No se trata, por lo tanto, de una uva que tenga una alta graduación alcohólica o un exceso de azúcar. Más bien todo lo contrario. Tiene el agradable sabor de una uva de mesa, pero con un punto justo de acidez. Además, cualquier vino elaborado con esta variedad de uva tinta nunca alterará el sabor del plato a degustar, más bien al contrario.

En no pocas ocasiones, la mezcla en boca de sabores fuertes con un vino similar provoca una reacción algo extraña. El vino de Ribera del Duero hecho a base de esta uva es mucho más amable, más suave y más adecuado para combinarlo con todo tipo de recetas.
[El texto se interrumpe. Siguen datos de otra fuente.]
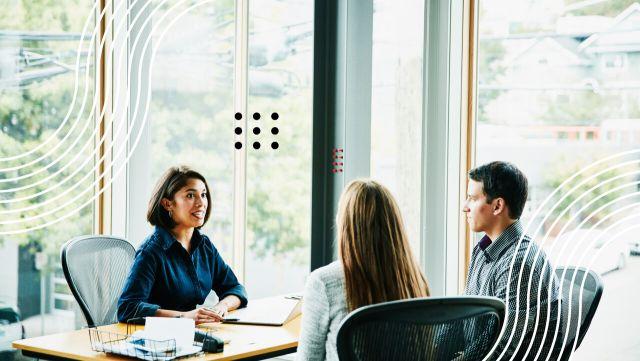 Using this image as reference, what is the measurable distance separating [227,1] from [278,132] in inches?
32.7

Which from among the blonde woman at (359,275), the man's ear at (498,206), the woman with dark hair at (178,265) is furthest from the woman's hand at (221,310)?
the man's ear at (498,206)

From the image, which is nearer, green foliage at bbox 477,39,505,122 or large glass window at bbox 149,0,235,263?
green foliage at bbox 477,39,505,122

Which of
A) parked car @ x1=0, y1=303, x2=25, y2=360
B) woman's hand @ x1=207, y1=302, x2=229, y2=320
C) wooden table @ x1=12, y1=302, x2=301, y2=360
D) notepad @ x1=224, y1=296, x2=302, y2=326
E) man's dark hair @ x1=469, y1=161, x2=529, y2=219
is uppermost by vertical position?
man's dark hair @ x1=469, y1=161, x2=529, y2=219

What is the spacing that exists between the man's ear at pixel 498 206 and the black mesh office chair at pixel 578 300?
1.05 ft

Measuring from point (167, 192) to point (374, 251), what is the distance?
1.32m

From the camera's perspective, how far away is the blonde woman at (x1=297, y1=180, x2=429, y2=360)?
7.28 feet

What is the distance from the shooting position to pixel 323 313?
2227 millimetres

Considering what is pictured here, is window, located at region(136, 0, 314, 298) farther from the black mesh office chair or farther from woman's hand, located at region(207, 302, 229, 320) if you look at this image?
the black mesh office chair

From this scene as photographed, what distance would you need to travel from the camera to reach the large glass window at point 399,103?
173 inches

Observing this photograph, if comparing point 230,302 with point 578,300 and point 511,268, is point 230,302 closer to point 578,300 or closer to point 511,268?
point 511,268

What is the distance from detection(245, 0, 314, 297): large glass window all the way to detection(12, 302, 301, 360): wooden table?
179 cm

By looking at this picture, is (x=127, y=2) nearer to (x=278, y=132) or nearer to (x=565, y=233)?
(x=278, y=132)

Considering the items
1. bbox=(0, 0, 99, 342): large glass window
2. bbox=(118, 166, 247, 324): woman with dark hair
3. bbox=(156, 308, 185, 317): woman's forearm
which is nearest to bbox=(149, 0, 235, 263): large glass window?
bbox=(0, 0, 99, 342): large glass window

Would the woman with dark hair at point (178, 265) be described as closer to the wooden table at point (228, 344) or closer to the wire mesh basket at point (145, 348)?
the wooden table at point (228, 344) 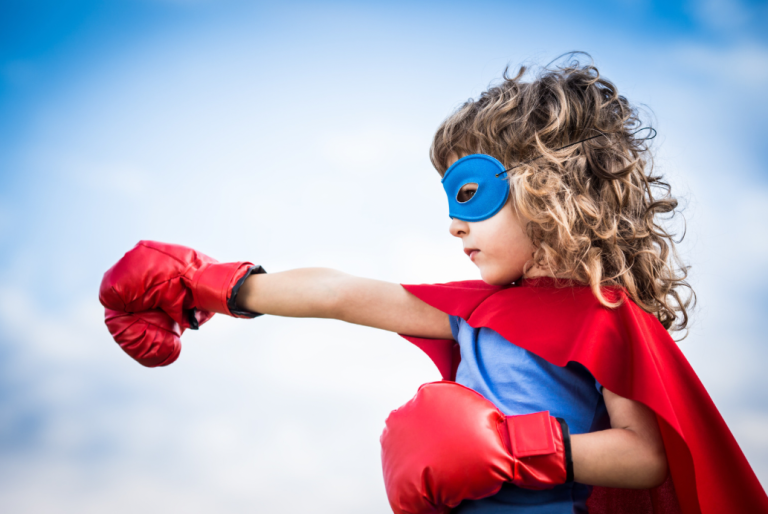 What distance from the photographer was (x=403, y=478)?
0.93 m

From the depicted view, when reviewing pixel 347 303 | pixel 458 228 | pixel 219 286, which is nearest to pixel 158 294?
pixel 219 286

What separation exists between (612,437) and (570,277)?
0.32m

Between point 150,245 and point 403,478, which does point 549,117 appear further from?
point 150,245

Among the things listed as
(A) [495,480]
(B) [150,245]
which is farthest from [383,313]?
(B) [150,245]

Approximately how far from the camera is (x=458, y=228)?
1.14 metres

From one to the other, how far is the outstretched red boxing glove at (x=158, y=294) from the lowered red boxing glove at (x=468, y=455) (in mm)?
565

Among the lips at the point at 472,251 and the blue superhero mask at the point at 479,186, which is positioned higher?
the blue superhero mask at the point at 479,186

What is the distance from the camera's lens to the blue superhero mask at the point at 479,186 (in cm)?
110

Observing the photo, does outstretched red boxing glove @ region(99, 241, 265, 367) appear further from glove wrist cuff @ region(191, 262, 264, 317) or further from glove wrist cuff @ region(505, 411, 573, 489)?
glove wrist cuff @ region(505, 411, 573, 489)

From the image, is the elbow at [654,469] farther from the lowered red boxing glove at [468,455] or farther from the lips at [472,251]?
the lips at [472,251]

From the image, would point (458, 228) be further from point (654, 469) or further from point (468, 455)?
→ point (654, 469)

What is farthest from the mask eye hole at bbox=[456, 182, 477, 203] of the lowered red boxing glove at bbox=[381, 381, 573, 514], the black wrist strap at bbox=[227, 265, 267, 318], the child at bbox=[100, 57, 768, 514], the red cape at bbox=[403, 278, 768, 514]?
the black wrist strap at bbox=[227, 265, 267, 318]

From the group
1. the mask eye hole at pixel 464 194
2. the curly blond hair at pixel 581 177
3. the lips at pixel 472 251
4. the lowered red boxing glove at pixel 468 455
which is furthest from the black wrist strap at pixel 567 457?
the mask eye hole at pixel 464 194

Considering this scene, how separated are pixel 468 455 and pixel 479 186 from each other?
0.52 meters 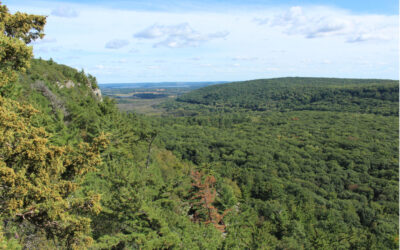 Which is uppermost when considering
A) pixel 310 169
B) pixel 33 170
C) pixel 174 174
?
pixel 33 170

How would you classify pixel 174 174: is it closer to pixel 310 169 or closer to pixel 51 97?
pixel 51 97

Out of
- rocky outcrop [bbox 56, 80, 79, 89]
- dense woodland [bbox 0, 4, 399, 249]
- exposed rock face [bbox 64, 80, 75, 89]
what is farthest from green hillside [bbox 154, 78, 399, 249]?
exposed rock face [bbox 64, 80, 75, 89]

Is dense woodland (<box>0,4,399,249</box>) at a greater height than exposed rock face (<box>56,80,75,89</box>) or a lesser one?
lesser

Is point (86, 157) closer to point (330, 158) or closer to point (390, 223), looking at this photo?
point (390, 223)

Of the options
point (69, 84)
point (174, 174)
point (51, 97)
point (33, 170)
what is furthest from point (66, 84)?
point (33, 170)

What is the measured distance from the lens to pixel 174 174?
1640 inches

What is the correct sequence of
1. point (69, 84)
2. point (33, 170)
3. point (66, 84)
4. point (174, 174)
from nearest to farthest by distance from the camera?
point (33, 170)
point (174, 174)
point (66, 84)
point (69, 84)

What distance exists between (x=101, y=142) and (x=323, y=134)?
13164 centimetres

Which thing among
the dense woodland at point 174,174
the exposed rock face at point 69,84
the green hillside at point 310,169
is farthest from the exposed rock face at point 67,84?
the green hillside at point 310,169

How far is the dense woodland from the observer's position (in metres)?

Por lo tanto, la Tempranillo se ha ganado a pulso el ser reconocida como una de las uvas más adecuadas para conseguir vinos excelentes. Esperamos haberte ayudado a conocer algo más sobre esta variedad de uva tinta. A buen seguro, ahora te apetece tomarte una copa de Ribera del Duero para comprobar todo lo aprendido. No dudes en maridarla con alguno de los platos arriba mencionados. Todo sea por disfrutar de una experiencia gustativa digna de recordar.